◆ **Task to complete**: Pictures must not appear in the copy. Set down exactly the line with "Puppies and Kittens screenshot" and each line after it through the end of the data below.

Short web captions
<<<<
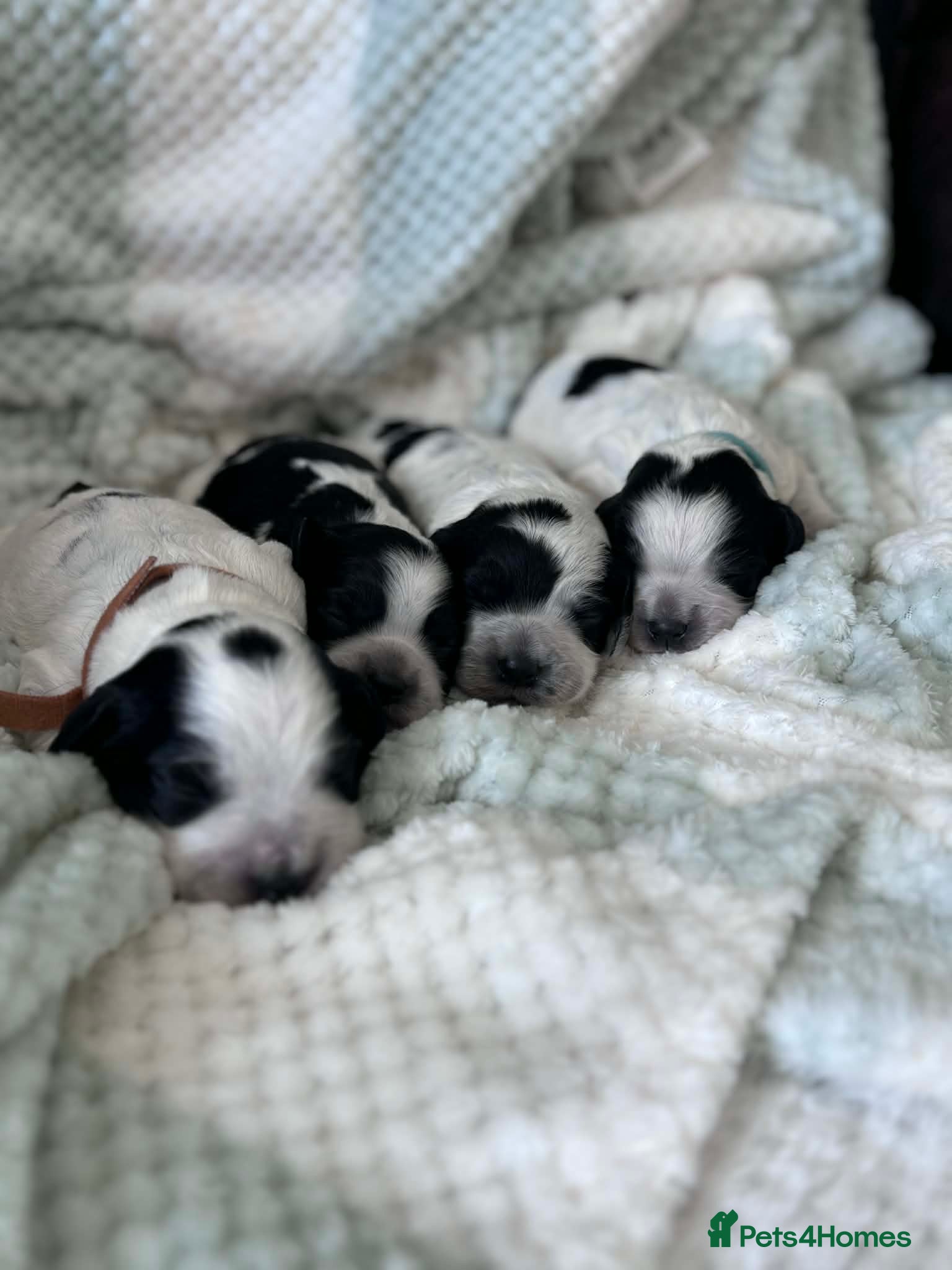 Cocker Spaniel dogs Working cocker spaniel puppies blue roan  - Advert 4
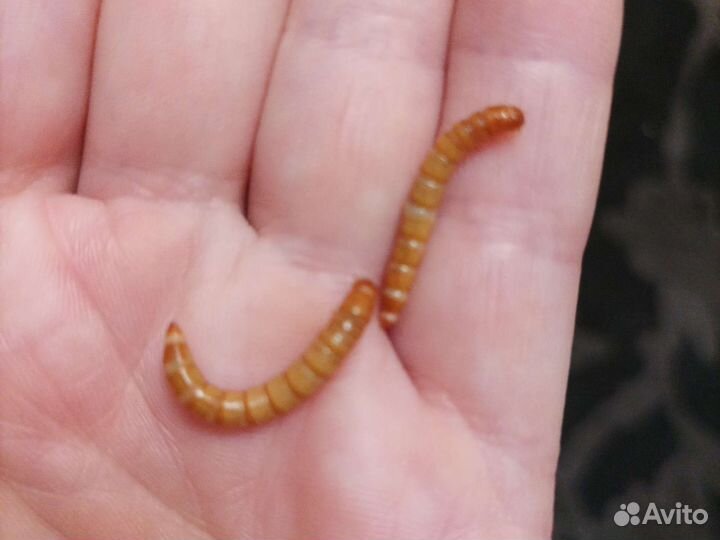 Зофобас, мучной червь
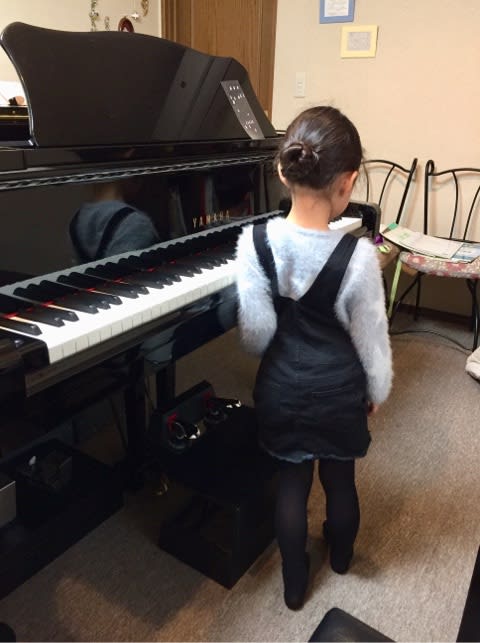 カニ 神奈川県茅ヶ崎市東海岸南のピアノ教室 山口英里子ピアノ教室のブログ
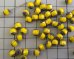 画像3: チェコガラスビーズ/アンティークスタイルオクタゴナル/ダブルフェイス/オペークイエローピカソ/6mm（10個） (3)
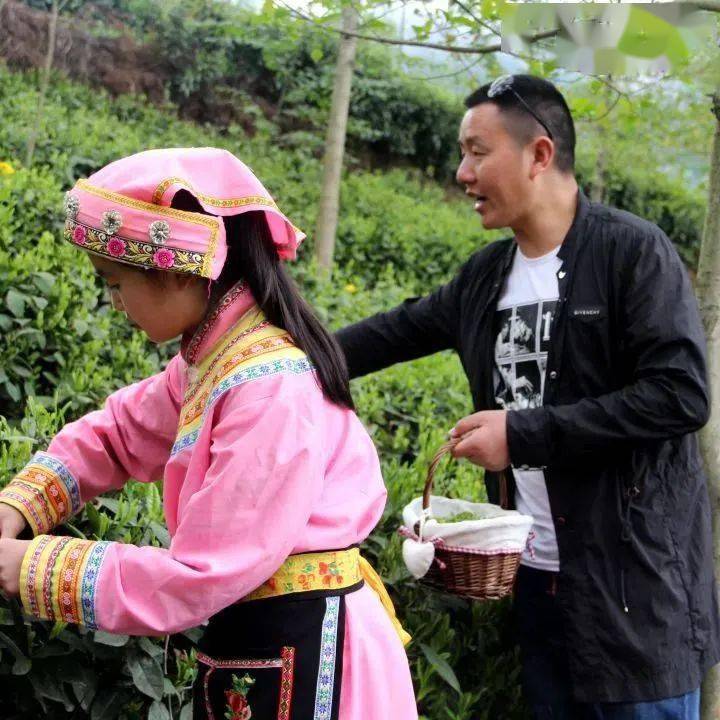 【带你看北川(196)每日一景:羌山茶飘香,一人一篓采茶忙~_文化_茶叶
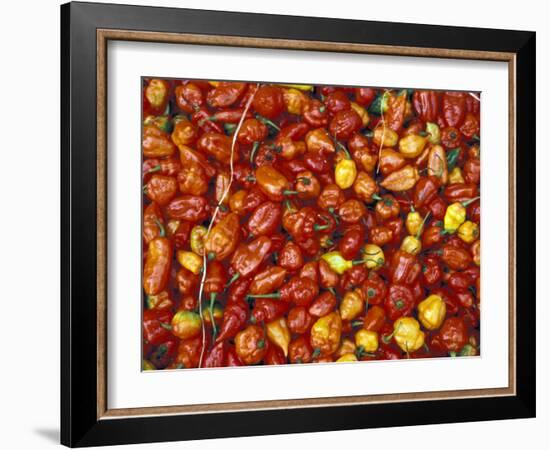 Hot Red Pepper at the Local Market, Madagascar-Michele Molinari-Framed Photographic Print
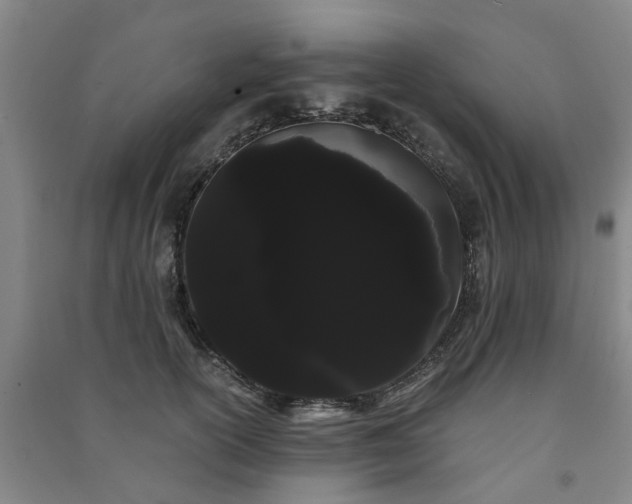 X0000091240754200708161736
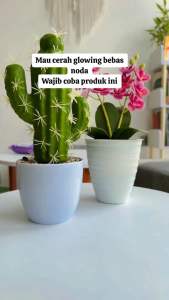 Perawatan Kulit Alami dengan Elcy Beauty BPOM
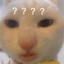 。。。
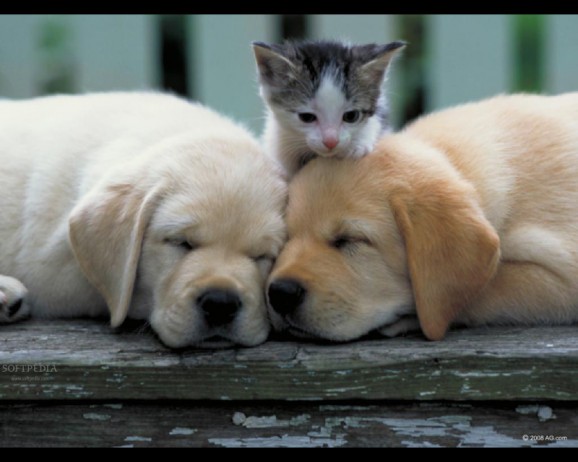 Puppies and Kittens screenshot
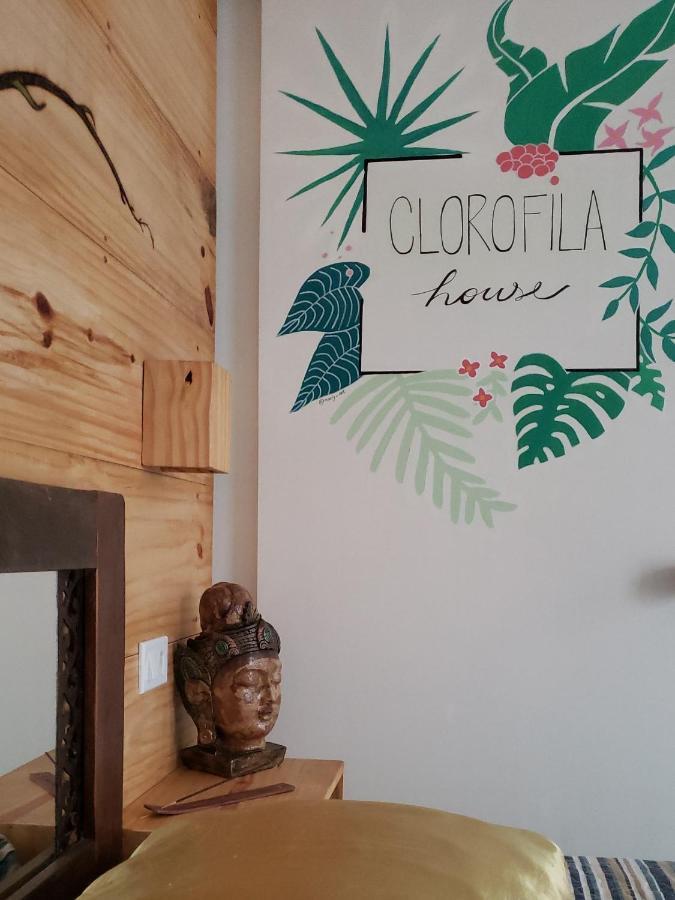 Clorofila House Glamping Naturista Ubatuba Bagian luar foto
>>>>
◆ **Reply to the task**:
 Puppies and Kittens screenshot
 Clorofila House Glamping Naturista Ubatuba Bagian luar foto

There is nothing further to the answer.